Provided material: Begin
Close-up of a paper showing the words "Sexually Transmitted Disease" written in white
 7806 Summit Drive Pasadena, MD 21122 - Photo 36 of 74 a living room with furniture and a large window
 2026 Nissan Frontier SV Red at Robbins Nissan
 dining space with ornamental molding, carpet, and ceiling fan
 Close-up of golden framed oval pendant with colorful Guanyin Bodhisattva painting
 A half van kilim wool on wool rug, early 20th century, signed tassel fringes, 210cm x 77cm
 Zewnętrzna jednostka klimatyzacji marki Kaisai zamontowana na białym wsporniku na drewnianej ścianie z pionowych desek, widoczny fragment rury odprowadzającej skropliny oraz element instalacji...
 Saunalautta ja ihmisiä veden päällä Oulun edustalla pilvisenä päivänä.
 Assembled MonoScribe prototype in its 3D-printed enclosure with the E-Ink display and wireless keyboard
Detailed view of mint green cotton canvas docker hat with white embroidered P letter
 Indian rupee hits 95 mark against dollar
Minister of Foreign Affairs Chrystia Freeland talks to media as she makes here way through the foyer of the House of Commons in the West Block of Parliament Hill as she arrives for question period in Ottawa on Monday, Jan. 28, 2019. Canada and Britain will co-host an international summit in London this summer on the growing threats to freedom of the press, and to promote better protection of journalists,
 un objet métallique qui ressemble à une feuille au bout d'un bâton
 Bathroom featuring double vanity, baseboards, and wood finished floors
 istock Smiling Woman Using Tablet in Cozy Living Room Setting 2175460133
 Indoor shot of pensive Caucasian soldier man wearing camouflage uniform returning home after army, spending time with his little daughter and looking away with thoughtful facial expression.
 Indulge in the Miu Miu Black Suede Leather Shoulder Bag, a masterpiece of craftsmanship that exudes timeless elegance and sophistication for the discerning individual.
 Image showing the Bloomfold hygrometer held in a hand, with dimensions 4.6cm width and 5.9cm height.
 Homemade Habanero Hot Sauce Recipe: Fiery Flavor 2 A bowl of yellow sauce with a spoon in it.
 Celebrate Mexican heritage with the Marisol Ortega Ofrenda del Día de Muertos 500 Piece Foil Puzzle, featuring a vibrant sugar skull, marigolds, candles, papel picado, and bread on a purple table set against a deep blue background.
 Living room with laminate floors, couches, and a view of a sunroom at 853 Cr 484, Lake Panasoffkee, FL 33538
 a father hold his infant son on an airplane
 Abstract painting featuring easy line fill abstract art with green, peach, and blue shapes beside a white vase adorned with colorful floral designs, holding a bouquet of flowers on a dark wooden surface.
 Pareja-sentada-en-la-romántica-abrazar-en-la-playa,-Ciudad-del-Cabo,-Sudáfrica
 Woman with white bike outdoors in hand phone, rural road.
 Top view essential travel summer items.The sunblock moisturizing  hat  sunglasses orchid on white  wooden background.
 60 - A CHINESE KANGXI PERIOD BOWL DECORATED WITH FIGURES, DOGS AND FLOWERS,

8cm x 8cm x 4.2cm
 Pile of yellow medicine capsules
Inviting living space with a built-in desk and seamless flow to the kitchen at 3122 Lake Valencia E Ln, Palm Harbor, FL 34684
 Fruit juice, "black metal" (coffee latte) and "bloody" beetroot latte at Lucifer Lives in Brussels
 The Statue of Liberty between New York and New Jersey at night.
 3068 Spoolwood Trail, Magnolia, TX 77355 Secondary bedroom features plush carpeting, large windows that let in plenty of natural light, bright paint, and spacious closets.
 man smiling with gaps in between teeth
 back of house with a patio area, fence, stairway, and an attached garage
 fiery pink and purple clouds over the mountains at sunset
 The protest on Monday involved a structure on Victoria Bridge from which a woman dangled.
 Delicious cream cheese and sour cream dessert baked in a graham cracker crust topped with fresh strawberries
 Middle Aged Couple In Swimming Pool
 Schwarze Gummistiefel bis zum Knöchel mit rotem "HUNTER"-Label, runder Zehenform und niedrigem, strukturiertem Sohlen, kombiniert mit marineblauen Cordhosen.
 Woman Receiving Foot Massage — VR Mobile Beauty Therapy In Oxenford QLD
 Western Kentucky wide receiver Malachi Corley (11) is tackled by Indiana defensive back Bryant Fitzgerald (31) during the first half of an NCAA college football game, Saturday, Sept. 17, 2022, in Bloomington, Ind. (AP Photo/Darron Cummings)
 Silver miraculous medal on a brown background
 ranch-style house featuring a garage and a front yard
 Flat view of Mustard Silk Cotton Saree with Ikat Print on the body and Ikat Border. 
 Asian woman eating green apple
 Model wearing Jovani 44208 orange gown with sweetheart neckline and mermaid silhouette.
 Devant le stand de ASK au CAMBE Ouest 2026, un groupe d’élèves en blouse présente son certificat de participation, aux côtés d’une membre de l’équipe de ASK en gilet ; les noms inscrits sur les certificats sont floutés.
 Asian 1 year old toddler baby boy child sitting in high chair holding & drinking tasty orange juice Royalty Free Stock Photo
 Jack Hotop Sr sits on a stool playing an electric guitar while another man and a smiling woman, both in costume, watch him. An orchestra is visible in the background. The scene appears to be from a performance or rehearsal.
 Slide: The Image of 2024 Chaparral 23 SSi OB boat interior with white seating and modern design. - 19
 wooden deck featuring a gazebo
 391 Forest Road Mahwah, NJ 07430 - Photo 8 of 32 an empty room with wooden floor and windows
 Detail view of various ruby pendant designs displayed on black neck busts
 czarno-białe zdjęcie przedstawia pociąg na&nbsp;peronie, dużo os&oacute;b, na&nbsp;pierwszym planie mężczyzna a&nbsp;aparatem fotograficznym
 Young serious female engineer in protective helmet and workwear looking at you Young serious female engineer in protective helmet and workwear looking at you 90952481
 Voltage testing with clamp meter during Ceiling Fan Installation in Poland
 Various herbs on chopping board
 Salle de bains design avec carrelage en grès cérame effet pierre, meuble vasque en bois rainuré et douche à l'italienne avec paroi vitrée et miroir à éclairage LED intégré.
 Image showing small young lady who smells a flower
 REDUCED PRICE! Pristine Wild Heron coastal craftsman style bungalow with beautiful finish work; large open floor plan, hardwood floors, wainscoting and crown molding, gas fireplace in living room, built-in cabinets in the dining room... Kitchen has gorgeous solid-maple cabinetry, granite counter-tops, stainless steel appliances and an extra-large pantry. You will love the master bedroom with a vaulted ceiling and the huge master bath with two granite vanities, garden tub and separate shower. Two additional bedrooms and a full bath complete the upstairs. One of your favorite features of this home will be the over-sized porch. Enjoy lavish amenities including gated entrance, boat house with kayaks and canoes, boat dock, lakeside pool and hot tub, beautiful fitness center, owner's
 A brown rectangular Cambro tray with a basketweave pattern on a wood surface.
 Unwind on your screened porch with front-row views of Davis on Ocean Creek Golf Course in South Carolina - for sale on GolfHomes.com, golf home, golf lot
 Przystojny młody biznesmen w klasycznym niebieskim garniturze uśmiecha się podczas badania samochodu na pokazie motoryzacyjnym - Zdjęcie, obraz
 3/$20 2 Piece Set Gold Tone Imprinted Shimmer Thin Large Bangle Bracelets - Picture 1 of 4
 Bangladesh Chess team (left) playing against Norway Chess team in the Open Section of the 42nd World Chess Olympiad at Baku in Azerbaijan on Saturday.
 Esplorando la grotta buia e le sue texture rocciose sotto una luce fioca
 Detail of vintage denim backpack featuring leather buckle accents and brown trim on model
Provided material: End
Give the data again, exactly as it stands.

→ **Answer space**
Close-up of a paper showing the words "Sexually Transmitted Disease" written in white
 7806 Summit Drive Pasadena, MD 21122 - Photo 36 of 74 a living room with furniture and a large window
 2026 Nissan Frontier SV Red at Robbins Nissan
 dining space with ornamental molding, carpet, and ceiling fan
 Close-up of golden framed oval pendant with colorful Guanyin Bodhisattva painting
 A half van kilim wool on wool rug, early 20th century, signed tassel fringes, 210cm x 77cm
 Zewnętrzna jednostka klimatyzacji marki Kaisai zamontowana na białym wsporniku na drewnianej ścianie z pionowych desek, widoczny fragment rury odprowadzającej skropliny oraz element instalacji...
 Saunalautta ja ihmisiä veden päällä Oulun edustalla pilvisenä päivänä.
 Assembled MonoScribe prototype in its 3D-printed enclosure with the E-Ink display and wireless keyboard
Detailed view of mint green cotton canvas docker hat with white embroidered P letter
 Indian rupee hits 95 mark against dollar
Minister of Foreign Affairs Chrystia Freeland talks to media as she makes here way through the foyer of the House of Commons in the West Block of Parliament Hill as she arrives for question period in Ottawa on Monday, Jan. 28, 2019. Canada and Britain will co-host an international summit in London this summer on the growing threats to freedom of the press, and to promote better protection of journalists,
 un objet métallique qui ressemble à une feuille au bout d'un bâton
 Bathroom featuring double vanity, baseboards, and wood finished floors
 istock Smiling Woman Using Tablet in Cozy Living Room Setting 2175460133
 Indoor shot of pensive Caucasian soldier man wearing camouflage uniform returning home after army, spending time with his little daughter and looking away with thoughtful facial expression.
 Indulge in the Miu Miu Black Suede Leather Shoulder Bag, a masterpiece of craftsmanship that exudes timeless elegance and sophistication for the discerning individual.
 Image showing the Bloomfold hygrometer held in a hand, with dimensions 4.6cm width and 5.9cm height.
 Homemade Habanero Hot Sauce Recipe: Fiery Flavor 2 A bowl of yellow sauce with a spoon in it.
 Celebrate Mexican heritage with the Marisol Ortega Ofrenda del Día de Muertos 500 Piece Foil Puzzle, featuring a vibrant sugar skull, marigolds, candles, papel picado, and bread on a purple table set against a deep blue background.
 Living room with laminate floors, couches, and a view of a sunroom at 853 Cr 484, Lake Panasoffkee, FL 33538
 a father hold his infant son on an airplane
 Abstract painting featuring easy line fill abstract art with green, peach, and blue shapes beside a white vase adorned with colorful floral designs, holding a bouquet of flowers on a dark wooden surface.
 Pareja-sentada-en-la-romántica-abrazar-en-la-playa,-Ciudad-del-Cabo,-Sudáfrica
 Woman with white bike outdoors in hand phone, rural road.
 Top view essential travel summer items.The sunblock moisturizing  hat  sunglasses orchid on white  wooden background.
 60 - A CHINESE KANGXI PERIOD BOWL DECORATED WITH FIGURES, DOGS AND FLOWERS,

8cm x 8cm x 4.2cm
 Pile of yellow medicine capsules
Inviting living space with a built-in desk and seamless flow to the kitchen at 3122 Lake Valencia E Ln, Palm Harbor, FL 34684
 Fruit juice, "black metal" (coffee latte) and "bloody" beetroot latte at Lucifer Lives in Brussels
 The Statue of Liberty between New York and New Jersey at night.
 3068 Spoolwood Trail, Magnolia, TX 77355 Secondary bedroom features plush carpeting, large windows that let in plenty of natural light, bright paint, and spacious closets.
 man smiling with gaps in between teeth
 back of house with a patio area, fence, stairway, and an attached garage
 fiery pink and purple clouds over the mountains at sunset
 The protest on Monday involved a structure on Victoria Bridge from which a woman dangled.
 Delicious cream cheese and sour cream dessert baked in a graham cracker crust topped with fresh strawberries
 Middle Aged Couple In Swimming Pool
 Schwarze Gummistiefel bis zum Knöchel mit rotem "HUNTER"-Label, runder Zehenform und niedrigem, strukturiertem Sohlen, kombiniert mit marineblauen Cordhosen.
 Woman Receiving Foot Massage — VR Mobile Beauty Therapy In Oxenford QLD
 Western Kentucky wide receiver Malachi Corley (11) is tackled by Indiana defensive back Bryant Fitzgerald (31) during the first half of an NCAA college football game, Saturday, Sept. 17, 2022, in Bloomington, Ind. (AP Photo/Darron Cummings)
 Silver miraculous medal on a brown background
 ranch-style house featuring a garage and a front yard
 Flat view of Mustard Silk Cotton Saree with Ikat Print on the body and Ikat Border. 
 Asian woman eating green apple
 Model wearing Jovani 44208 orange gown with sweetheart neckline and mermaid silhouette.
 Devant le stand de ASK au CAMBE Ouest 2026, un groupe d’élèves en blouse présente son certificat de participation, aux côtés d’une membre de l’équipe de ASK en gilet ; les noms inscrits sur les certificats sont floutés.
 Asian 1 year old toddler baby boy child sitting in high chair holding & drinking tasty orange juice Royalty Free Stock Photo
 Jack Hotop Sr sits on a stool playing an electric guitar while another man and a smiling woman, both in costume, watch him. An orchestra is visible in the background. The scene appears to be from a performance or rehearsal.
 Slide: The Image of 2024 Chaparral 23 SSi OB boat interior with white seating and modern design. - 19
 wooden deck featuring a gazebo
 391 Forest Road Mahwah, NJ 07430 - Photo 8 of 32 an empty room with wooden floor and windows
 Detail view of various ruby pendant designs displayed on black neck busts
 czarno-białe zdjęcie przedstawia pociąg na&nbsp;peronie, dużo os&oacute;b, na&nbsp;pierwszym planie mężczyzna a&nbsp;aparatem fotograficznym
 Young serious female engineer in protective helmet and workwear looking at you Young serious female engineer in protective helmet and workwear looking at you 90952481
 Voltage testing with clamp meter during Ceiling Fan Installation in Poland
 Various herbs on chopping board
 Salle de bains design avec carrelage en grès cérame effet pierre, meuble vasque en bois rainuré et douche à l'italienne avec paroi vitrée et miroir à éclairage LED intégré.
 Image showing small young lady who smells a flower
 REDUCED PRICE! Pristine Wild Heron coastal craftsman style bungalow with beautiful finish work; large open floor plan, hardwood floors, wainscoting and crown molding, gas fireplace in living room, built-in cabinets in the dining room... Kitchen has gorgeous solid-maple cabinetry, granite counter-tops, stainless steel appliances and an extra-large pantry. You will love the master bedroom with a vaulted ceiling and the huge master bath with two granite vanities, garden tub and separate shower. Two additional bedrooms and a full bath complete the upstairs. One of your favorite features of this home will be the over-sized porch. Enjoy lavish amenities including gated entrance, boat house with kayaks and canoes, boat dock, lakeside pool and hot tub, beautiful fitness center, owner's
 A brown rectangular Cambro tray with a basketweave pattern on a wood surface.
 Unwind on your screened porch with front-row views of Davis on Ocean Creek Golf Course in South Carolina - for sale on GolfHomes.com, golf home, golf lot
 Przystojny młody biznesmen w klasycznym niebieskim garniturze uśmiecha się podczas badania samochodu na pokazie motoryzacyjnym - Zdjęcie, obraz
 3/$20 2 Piece Set Gold Tone Imprinted Shimmer Thin Large Bangle Bracelets - Picture 1 of 4
 Bangladesh Chess team (left) playing against Norway Chess team in the Open Section of the 42nd World Chess Olympiad at Baku in Azerbaijan on Saturday.
 Esplorando la grotta buia e le sue texture rocciose sotto una luce fioca
 Detail of vintage denim backpack featuring leather buckle accents and brown trim on model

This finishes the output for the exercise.